Principles of operation | Clinical application | Device safety | Common problems and solutions | Inspection, testing, and preventative maintenance | Technology management

Principles of Operation

Radiation therapy is used to treat cancer. External beam radiation is used to treat about half of all cancer patients with tumors. While the treatment aim is to cure the disease, radiation therapy is also used on a palliative basis to relieve the patient of the symptoms, e.g. pain, but not cure the disease. Radiation therapy techniques include external beam treatments from linear accelerators (also called linacs),  cobalt units, and image-guided surgery systems. Also under the classification of radiation therapy are brachytherapy systems which administer a destructive radioisotope directly to cancerous tissue. It is typically used in conjunction with external beam radiation. As a part of all radiation therapy systems is a radiotherapy planning system consisting of a device to register the tumor - radiographic or CT system, and a high performance computer and software. These and other radiation therapy treatments are found at the CancerNet patient education site. Radiation therapy was first used in the 1920's. Linacs were first installed in 1952 in England and at Stanford University Medical Center in 1956 by Varian. Review the history of radiation therapy at the RTanswers webpage.

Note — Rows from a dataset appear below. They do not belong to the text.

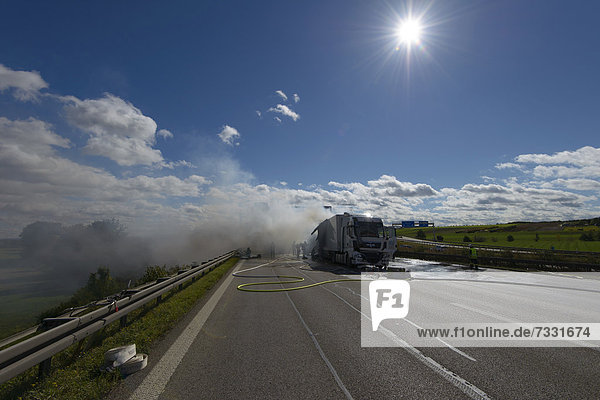 'Firefighters extinguishing a truck fire on the A8 motorway near the ''Echterdinger Ei'' junction  Stuttgart  Baden-Wuerttemberg  Germany  Europe'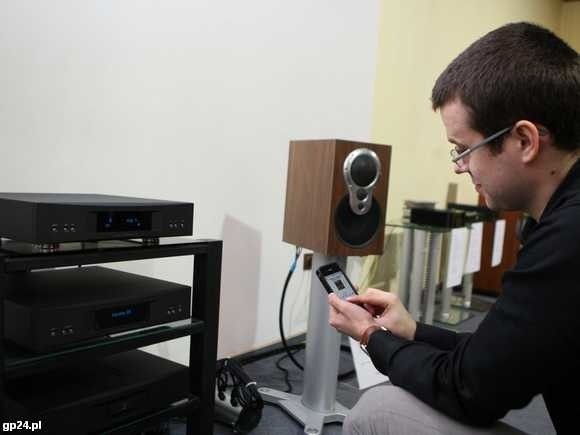 Mariusz Kłujszo steruje urządzeniem do odtwarzania muzyki za pomocą iPhone'a. Sprzęt został wyprodukowany w Szkocji.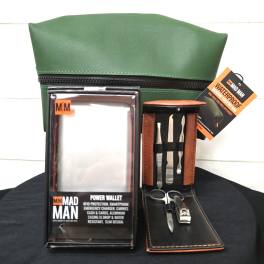 Men's grooming gift set with green toiletry bag, power wallet, and manicure kit in leather case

Linear accelerator showing beam from AAPM

The medical linear accelerator outputs a well defined beam of intense x-ray radiation to treat deep seated tumors. There are four major subsystems:

  • Modulator - produces high voltage DC pulses
  • Electron gun - injects electrons into the accelerator guide
  • RF power source/amplifier - uses a magnetron or klystron to supply high frequency and high energy
  • Accelerator guide - a waveguide to direct the beam

The linac also includes a drive stand, gantry, patient-support assembly, and control systems. Below is a simplified block diagram of a linear accelerator.

Low energy linear accelerators use a magnetron to produce 4-6 megavolt beams of electrons or bremsstrahlung x-rays. Bremsstrahlung refers a change in the electron velocity  when it collides with another object producing electromagnetic radiation. High energy linacs are equipped with a klystron to generate 15-25 megavolt beams. The klystron was invented by the Varian brothers in 1937. The original application of this device was in radar units. The microwave power from klystron directs the energy to a waveguide and uses a circulator to prevent any reflected microwaves from returning to the klystron. A water cooling system is needed to provide thermal stability. The radiation production process is conducted in a vacuum.  The gantry includes the electron gun to produce electrons and the accelerator guide which slow up the waves to synchronize them with the flowing bunches of electrons. The electrons are then directed to a target to produce x-rays - similar process to a radiographic x-ray systems but at much higher voltage - or scattering foil for electron production.  Today, the output beam to the patient is controlled by a multi-leaf collimator which has over 100 lead leaves controlled by the treatment computer.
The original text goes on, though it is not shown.